[Data items]
◆ ◆ ◆ ◆ ◆

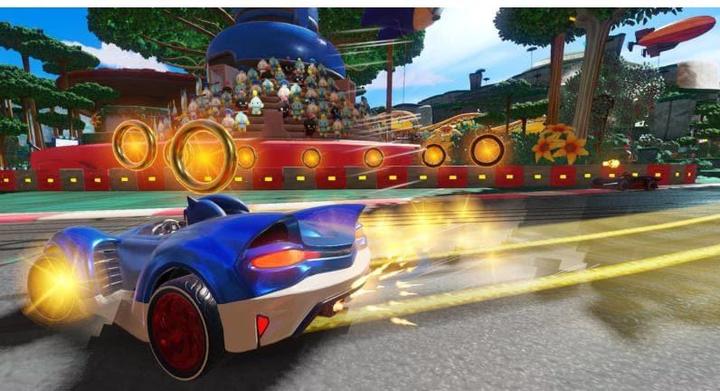 Produktbild Sega Team Sonic Racing (PS4, Multilingual)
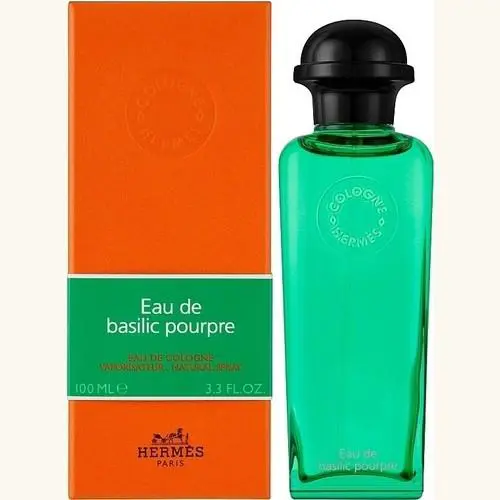 Hermes Eau De Basilic Pourpre by Hermes For Women Eau de Cologne Spray 3.3 oz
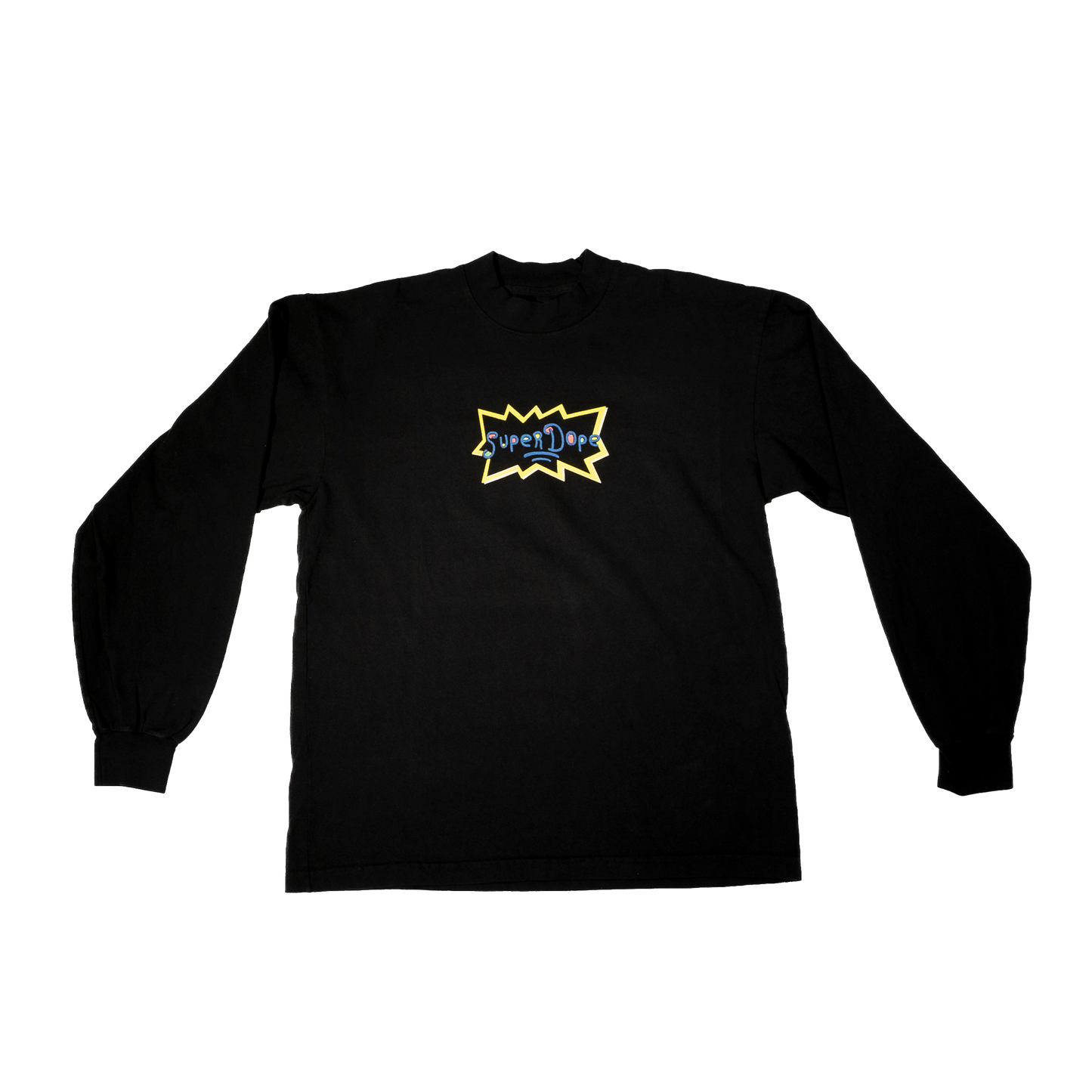 SUPER DOPE "Rugrats” LS (BLACK)
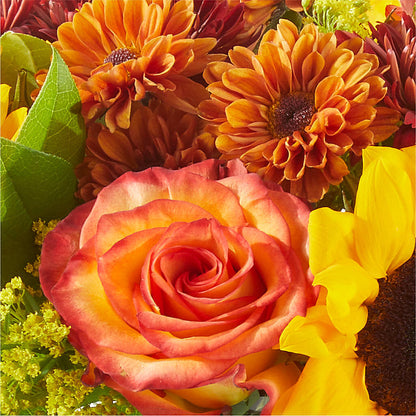 Flannel Scarf Bouquet –  Floral Art Designs, Arlington MA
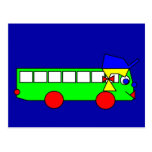 Belinda the Bus Postcards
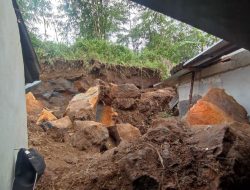 Batu Raksasa Hantam Dapur di Purbalingga, Satu Warga Meninggal dan 11 Jiwa Mengungsi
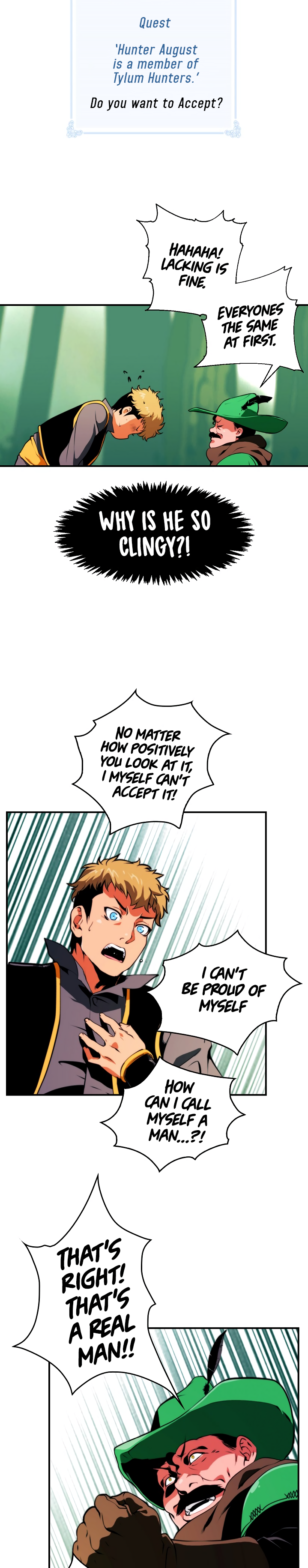 Read I'm Destined to Greatness EN Manga Online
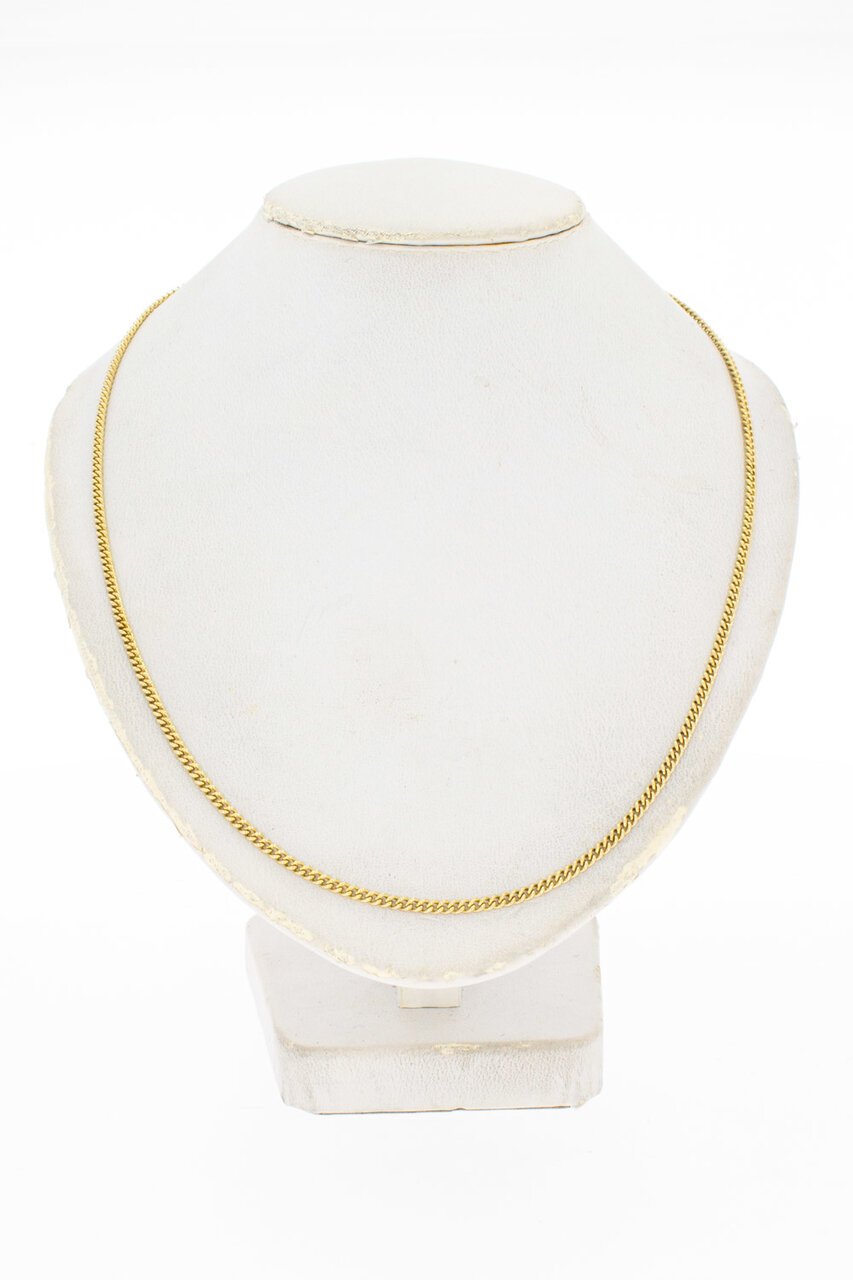 14 Karaat geel goud Gourmet Collier - 43,4 cm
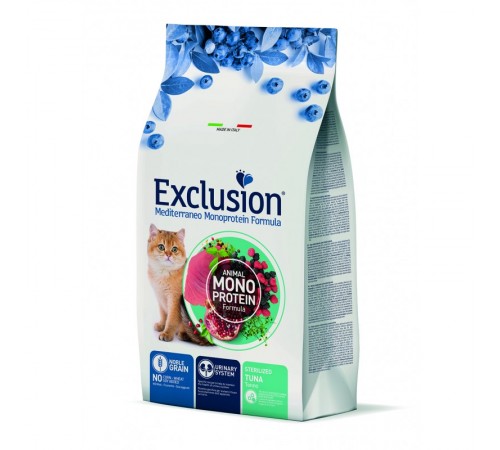 Exclusion Sterilized Tuna корм для стерилізованих котів з тунцем 300 г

◆ ◆ ◆ ◆ ◆

◆ **WORK ORDER**: For every entry above, write it out exactly and remove any image.

◆ **FINAL ANSWER**:
 Produktbild Sega Team Sonic Racing (PS4, Multilingual)
 Hermes Eau De Basilic Pourpre by Hermes For Women Eau de Cologne Spray 3.3 oz
 SUPER DOPE "Rugrats” LS (BLACK)
 Flannel Scarf Bouquet –  Floral Art Designs, Arlington MA
 Belinda the Bus Postcards
 Batu Raksasa Hantam Dapur di Purbalingga, Satu Warga Meninggal dan 11 Jiwa Mengungsi
 Read I'm Destined to Greatness EN Manga Online
 14 Karaat geel goud Gourmet Collier - 43,4 cm
 Exclusion Sterilized Tuna корм для стерилізованих котів з тунцем 300 г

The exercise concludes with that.